There are several weaknesses of the modeling approach described here. Firstly, to reflect the heterogenous nature of AHP, a scenario-based modeling approach was applied compared to a cohort model that would rely on statistical norms for disease outcomes and disease progression. Furthermore, due to limited information on AHP associated mortality, we applied the average life-expectancy to the AHP individuals. This may be an over-estimate of current life-expectancy. Early mortality in people with AHP would have an impact on government public accounts by reduced spending on healthcare and disability benefits. Additionally, the fiscal modeling framework does not include the option for liver transplantation which is common in people with AHP that can improve outcomes, however it would also increase medical costs with only limited influence on the likelihood of returning to work. Finally, one of the major cost drivers in the analysis relates to how AHP influences work force participation and whether people discontinue work or not. In two of our scenarios, we assumed that AHP would cause people to withdraw permanently from the work force and in the third scenario we assumed 10 years of employment inactivity. This may not reflect the actual employment trajectory of people with AHP, but, in this regard, our work reflects the likely benefits for government from preventing disease progression and keeping people in the work force.

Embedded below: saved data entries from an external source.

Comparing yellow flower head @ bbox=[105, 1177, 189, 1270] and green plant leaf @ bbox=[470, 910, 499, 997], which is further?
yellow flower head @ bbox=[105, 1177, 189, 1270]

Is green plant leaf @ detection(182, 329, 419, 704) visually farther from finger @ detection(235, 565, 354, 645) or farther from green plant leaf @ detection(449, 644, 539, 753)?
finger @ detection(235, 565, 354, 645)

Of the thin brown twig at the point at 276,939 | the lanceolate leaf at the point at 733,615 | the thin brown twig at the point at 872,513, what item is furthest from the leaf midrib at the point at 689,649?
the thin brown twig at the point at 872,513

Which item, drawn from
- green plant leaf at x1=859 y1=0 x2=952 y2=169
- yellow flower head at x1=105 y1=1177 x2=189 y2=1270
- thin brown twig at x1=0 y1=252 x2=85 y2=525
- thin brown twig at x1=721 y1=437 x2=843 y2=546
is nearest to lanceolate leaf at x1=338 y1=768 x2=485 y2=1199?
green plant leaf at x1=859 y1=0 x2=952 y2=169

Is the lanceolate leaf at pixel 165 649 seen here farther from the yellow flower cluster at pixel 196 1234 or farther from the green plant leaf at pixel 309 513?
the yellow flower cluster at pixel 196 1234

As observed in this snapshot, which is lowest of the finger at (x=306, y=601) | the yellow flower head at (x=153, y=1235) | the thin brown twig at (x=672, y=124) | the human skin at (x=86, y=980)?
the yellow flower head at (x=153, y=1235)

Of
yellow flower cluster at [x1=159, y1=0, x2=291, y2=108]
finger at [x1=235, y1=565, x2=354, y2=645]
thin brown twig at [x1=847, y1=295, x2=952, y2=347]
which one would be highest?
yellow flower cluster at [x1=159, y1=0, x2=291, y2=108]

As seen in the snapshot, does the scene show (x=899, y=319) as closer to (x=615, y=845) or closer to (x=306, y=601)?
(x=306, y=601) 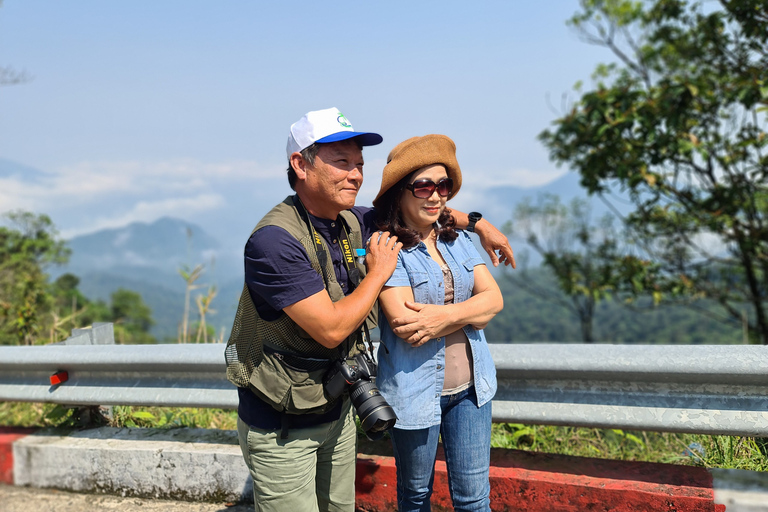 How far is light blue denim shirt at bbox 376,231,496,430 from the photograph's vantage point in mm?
2264

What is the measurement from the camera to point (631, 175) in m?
8.44

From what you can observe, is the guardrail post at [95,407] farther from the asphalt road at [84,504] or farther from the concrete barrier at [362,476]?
the asphalt road at [84,504]

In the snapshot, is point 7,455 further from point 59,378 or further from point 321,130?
point 321,130

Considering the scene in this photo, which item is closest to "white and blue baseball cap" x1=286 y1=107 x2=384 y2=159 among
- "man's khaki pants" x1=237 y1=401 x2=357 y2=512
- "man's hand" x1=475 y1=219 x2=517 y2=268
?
"man's hand" x1=475 y1=219 x2=517 y2=268

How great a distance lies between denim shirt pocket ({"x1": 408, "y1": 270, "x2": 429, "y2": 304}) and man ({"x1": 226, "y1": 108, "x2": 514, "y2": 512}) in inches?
5.9

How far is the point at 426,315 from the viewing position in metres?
2.19

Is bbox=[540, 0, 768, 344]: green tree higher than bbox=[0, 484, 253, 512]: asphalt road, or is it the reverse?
bbox=[540, 0, 768, 344]: green tree

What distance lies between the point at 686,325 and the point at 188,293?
168ft

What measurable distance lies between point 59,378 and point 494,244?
8.18 ft

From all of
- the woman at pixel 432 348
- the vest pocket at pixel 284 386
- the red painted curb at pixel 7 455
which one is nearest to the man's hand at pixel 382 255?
the woman at pixel 432 348

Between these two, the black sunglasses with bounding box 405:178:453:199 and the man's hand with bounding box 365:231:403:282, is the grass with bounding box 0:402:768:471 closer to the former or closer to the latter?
the man's hand with bounding box 365:231:403:282

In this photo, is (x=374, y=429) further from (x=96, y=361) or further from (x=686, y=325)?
(x=686, y=325)

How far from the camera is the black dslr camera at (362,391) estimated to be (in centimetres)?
211

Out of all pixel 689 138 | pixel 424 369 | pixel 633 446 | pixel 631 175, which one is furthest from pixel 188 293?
pixel 689 138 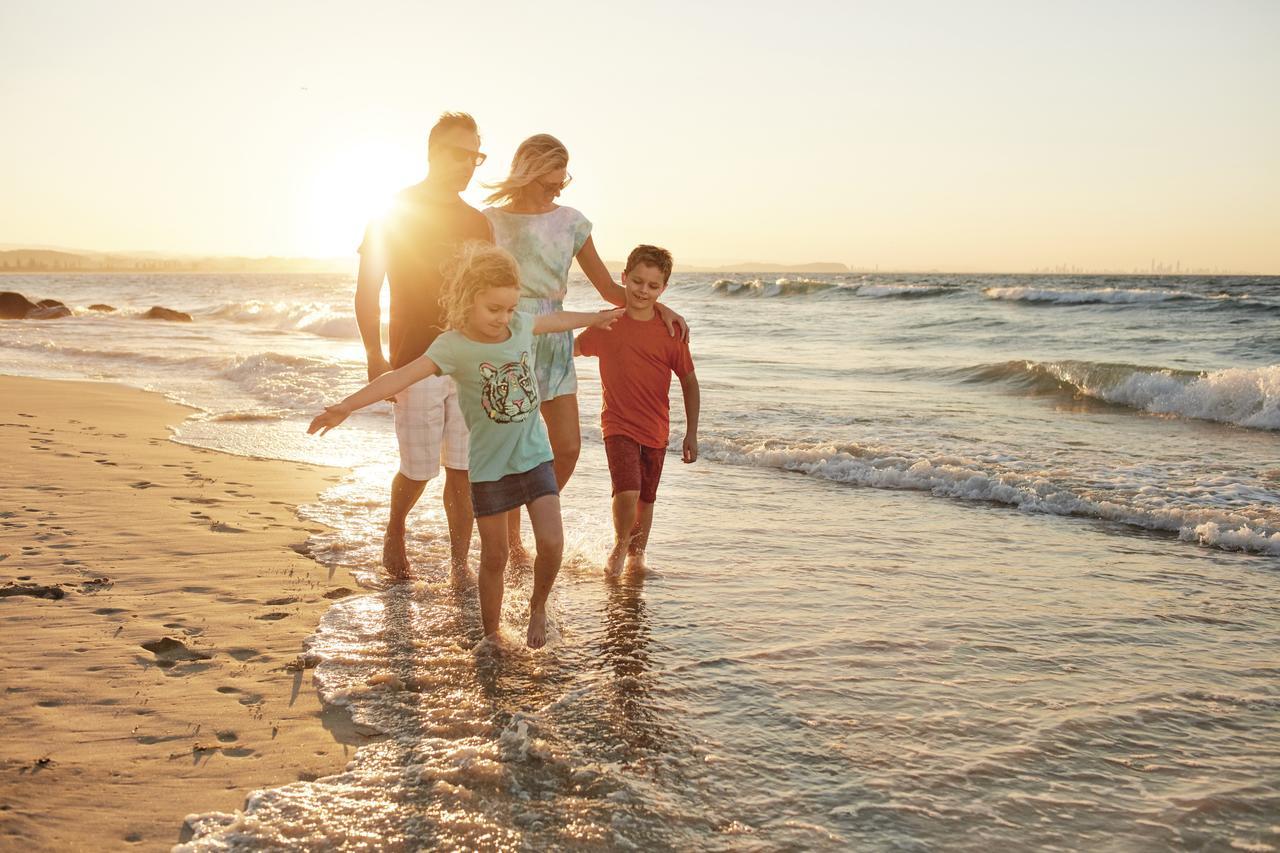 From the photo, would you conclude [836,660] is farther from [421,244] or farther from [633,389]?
[421,244]

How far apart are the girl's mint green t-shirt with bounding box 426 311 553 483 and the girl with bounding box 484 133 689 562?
2.59 feet

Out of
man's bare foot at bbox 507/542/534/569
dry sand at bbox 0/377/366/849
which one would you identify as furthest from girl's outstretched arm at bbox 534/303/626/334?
dry sand at bbox 0/377/366/849

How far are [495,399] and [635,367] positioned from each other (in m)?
1.29

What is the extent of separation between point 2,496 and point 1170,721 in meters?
6.07

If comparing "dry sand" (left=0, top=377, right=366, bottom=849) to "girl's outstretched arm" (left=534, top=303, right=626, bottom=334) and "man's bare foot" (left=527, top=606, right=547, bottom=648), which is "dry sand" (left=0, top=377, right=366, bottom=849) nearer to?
"man's bare foot" (left=527, top=606, right=547, bottom=648)

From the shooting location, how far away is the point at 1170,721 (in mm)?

The fiscal analysis described here relies heavily on the impact that AHP can have on labour market activity and reliance on public benefits to maintain living standards i.e. disability. As AHP can manifest in many ways and influence an individuals’ employment trajectory, there are some simplifications applied that may overestimate fiscal gains and losses. For example, in the scenario with people returning to work, we have estimated average earnings based on age-specific wages for Belgium for person returning to work. However, this may be an overestimate as the person with AHP may return to part-time work. Additionally, as they have been out of the work force, they may not achieve normal age-specific wages as they will likely have less experience compared with similar aged workers resulting in lower wages. Furthermore, we were unable to obtain age-specific disposable income in Belgium that deducts the anticipated savings rate. As such, our estimates of indirect taxes assume full consumption of disposable income which may not be the case. Additionally, in some individuals, symptom onset can occur in puberty which can influence learning and educational attainment. This would negatively influence future earnings due to reduced educational attainment which has not been considered as a scenario in our analysis. The diversity of potential life-trajectories described here illustrates the complexity of trying to reflect a homogenous cohort of individuals with AHP and why we opted to reflect clinical scenarios.

Conclusion

The constant attacks associated with AHP designate this condition as a severe disability and cause significant public costs. As these attacks occur during peak earning and working years, work activity and lifetime taxes paid are reduced. Decreasing AHP attacks can present significant fiscal benefits for government, including reduced health costs, reduced disability payments and improved tax revenue.